The Alliance brings together leading businesses along the entire battery value chain with governments, international organizations, NGOs and academics to actively shape a battery value chain that powers sustainable development.
Ten guiding principles covering issues from the circular recovery of battery materials, ensuring transparency of greenhouse gas emissions and their progressive reduction, to eliminating child and forced labour were agreed by 42 member organizations in January 2020.
Building upon these principles, as well as findings in the insight report “A Vision for a Sustainable Battery Value Chain in 2030”, all Alliance’s activities aim to:
- Establish a circular battery value chain as a major driver to achieve the Paris Agreement
- Establish a low-carbon economy in the value chain, create new jobs and additional economic value
- Safeguard human rights and economic development consistent with the UN Sustainable Development Goals
To achieve these goals, the Alliance is currently focusing on the following flagship deliverables:
The Battery Passport is a global solution for securely sharing information and data to prove responsibility and sustainability to consumers with a "quality seal", while enabling resource efficiency across the battery life cycle.
To this end the Battery Passport will offer a digital representation of a battery conveying information about all applicable environmental, social, governance and lifecycle requirements based on a comprehensive definition of a "sustainable" battery. It will not only enable transparency, standard setting and progress tracking of the entire industry over time.
By the end of 2020 a demonstration product will be established; in 2021 a minimum viable product shall be developed; by the end of 2022 the Battery Passport shall be fully operational.
Three targeted Impact Programmes
1. Establishing a responsible and sustainable cobalt supply chain
The GBA is currently developing an initiative to immediately and urgently eliminate child and forced labour from the cobalt value chain (in line with principle number 8 of the GBA principles), contribute to the sustainable development of communities, and respect the human rights of those affected by the cobalt supply chain.
Specifically, the new initiative seeks to establish a common standard for artisanal small-scale cobalt; foster the identification of best practices and drive investment toward on-the-ground projects; establish a common monitoring and evaluation framework for country projects in the Democratic Republic of the Congo; coordinate stakeholder engagement on responsible cobalt production practices and sourcing expectations.
Over time, the GBA also seeks to support the sustainable supply of other key battery materials.
2. Low-Carbon Economy Programme
The low-carbon programme hosts initiatives that focus on the accelerated deployment of batteries to realize emissions savings potential of this technology.
Energy Access initiative: The GBA Energy Access initiative seeks to identify how to esponsibly and sustainably realize the energy access potential that a circular battery value chain offers to ~575m people in Sub-Saharan Africa. This includes an assessment of the end of life requirements and the potential to harness second life batteries to meet electricity needs. A report will establish a roadmap of actions, consulted with governments, businesses and civil society organizations. A coalition shall be established to implement key recommendations coming out of this initiative.

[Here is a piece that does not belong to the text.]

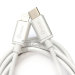 Кабель синхронізації Dtech Type-C to Lightning, 2 м, білий (DT-T0011)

Accelerating battery adoption: In a series of roundtables hosted by HRH The Prince of Wales in collaboration with the Sustainable Markets Initiative, the GBA is assessing the potential game-changing solutions to overcome key bottlenecks to an accelerated deployment of batteries in electric vehicles and grid-scale storage. Tangible public-private interventions, such as infrastructure investments, are to spring from this process. This work is currently in the scoping phase.
3. Circular Economy Programme
This programme looks to incubate initiatives to address barriers to a circular economy for batteries.
Initial emphasis is placed on two areas: first, harmonizing transboundary regulation to lower barriers to recycling due to the costly trade in spent batteries. Second, a blueprint for responsible end of life management of lead-acid batteries in low and middle-income countries is being developed.